Sind Sie seither selbst geflogen?

Ja, ich war in Köln, in Berlin, auch in Barcelona. Aber natürlich denke ich dann sofort an das Unglück. Fast jeden Tag gibt es irgendeinen Anlass. Diese Tragödie hat uns für immer geprägt. Und untereinander näher gebracht, etwa mit unseren Nachbarn in Le Vernet, wo die Gedenkfeier stattfindet. Wir arbeiten Hand in Hand, um die Angehörigen würdig zu begrüßen.

Dennoch hat Ihr Dorf eine eigene Erinnerungsstätte errichtet - in Konkurrenz zum Memorial in Le Vernet?

Nein, nein, wir ergänzen uns. Von unserer Stele führt jetzt ein Weg hinüber in das Tal, wo das Flugzeug aufgeschlagen ist. Dort, am Pass des Col de Mariaud, können Sie innehalten, gedenken. Und danach marschieren Sie weiter nach Le Vernet. Das ist eine sehr schöne Wanderung, dafür brauchen Sie drei, vielleicht vier Stunden.

Die Stele besteht aus 149 Metallstangen. Aber am 24. März 2015 starben 150 Menschen. Den Copiloten Andreas Lubitz, der den Absturz herbeiführte, wollten Sie nicht einbeziehen?

Die Stele stammt von Eric Klein, einem Künstler aus unserer Region. Seine Idee war es, für jedes Opfer einen Stab gen Himmel ragen zu lassen - und wenn der Wind in die Stäbe greift, schlagen sie gegeneinander und machen Geräusche. Inzwischen ist dies unser Ort der Erinnerung, der Besinnung. Die Frage, ob wir 149 oder 150 Stäbe aufstellen, haben wir ausführlich im Gemeinderat diskutiert. Und einstimmig entschieden: Ja, der Copilot ist hier gestorben, aber nein, er war kein Opfer. Zugleich sage ich Ihnen: Die Eltern des Copiloten sind uns willkommen. Ihr Sohn mag etwas Unentschuldbares getan haben. Als Mutter und Vater jedoch leben sie in demselben Schmerz wie alle anderen Eltern.

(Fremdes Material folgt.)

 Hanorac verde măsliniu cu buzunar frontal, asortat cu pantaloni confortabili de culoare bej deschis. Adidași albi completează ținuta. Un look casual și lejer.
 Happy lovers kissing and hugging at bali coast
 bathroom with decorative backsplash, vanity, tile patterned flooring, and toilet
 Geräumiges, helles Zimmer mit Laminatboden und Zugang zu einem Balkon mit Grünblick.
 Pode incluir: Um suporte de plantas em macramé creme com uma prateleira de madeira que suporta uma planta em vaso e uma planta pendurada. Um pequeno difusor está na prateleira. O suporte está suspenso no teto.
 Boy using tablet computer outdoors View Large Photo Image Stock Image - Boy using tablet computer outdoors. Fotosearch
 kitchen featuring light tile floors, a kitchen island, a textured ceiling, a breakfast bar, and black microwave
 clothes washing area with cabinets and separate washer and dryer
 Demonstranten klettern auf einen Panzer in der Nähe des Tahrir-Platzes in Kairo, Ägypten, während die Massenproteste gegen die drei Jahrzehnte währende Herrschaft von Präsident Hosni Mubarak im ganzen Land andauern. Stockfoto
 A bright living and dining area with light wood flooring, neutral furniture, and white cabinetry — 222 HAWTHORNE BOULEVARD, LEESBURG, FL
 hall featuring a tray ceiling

Sie kennen alle Namen der Opfer auch deshalb, weil sie sämtliche Sterbeurkunden unterschreiben mussten.

Ja, das war meine traurige Pflicht. Als Bürgermeister bin ich der zuständige Standesbeamte, und das Flugzeug ist nun mal auf dem Gebiet unserer Gemeinde aufgeschlagen. Alle brauchten diese Urkunde, die Familien, aber auch die Lufthansa, die Botschaften, die Versicherungen, und so weiter. Bis heute musste ich für die 150 Toten mehr als 2600 Urkunden unterschreiben. Manchmal musste ich auch zweimal ran. Am Anfang wollten wir etwas zu schnell sein, da haben sich kleine Fehler eingeschlichen: Die deutsche Schreibweise mit ihren Umlauten sind wir nicht so gewöhnt.

Der deutsche Außenminister Frank-Walter Steinmeier hat Ihnen für Ihren Einsatz das Bundesverdienstkreuz verliehen. Und Sie anschließend zum Fußball-Länderspiel eingeladen.

Ja, das war eine Auszeichnung für das ganze Dorf, nicht nur für mich. Ich erinnere mich genau, denn das war ja am 13. November, dem Tag der Pariser Attentate. Uns ist nichts passiert, aber wir waren im Stadion, als es losging. Ich bin mir bewusst: Voriges Jahr habe ich sehr viel mehr Glück gehabt als manch anderer.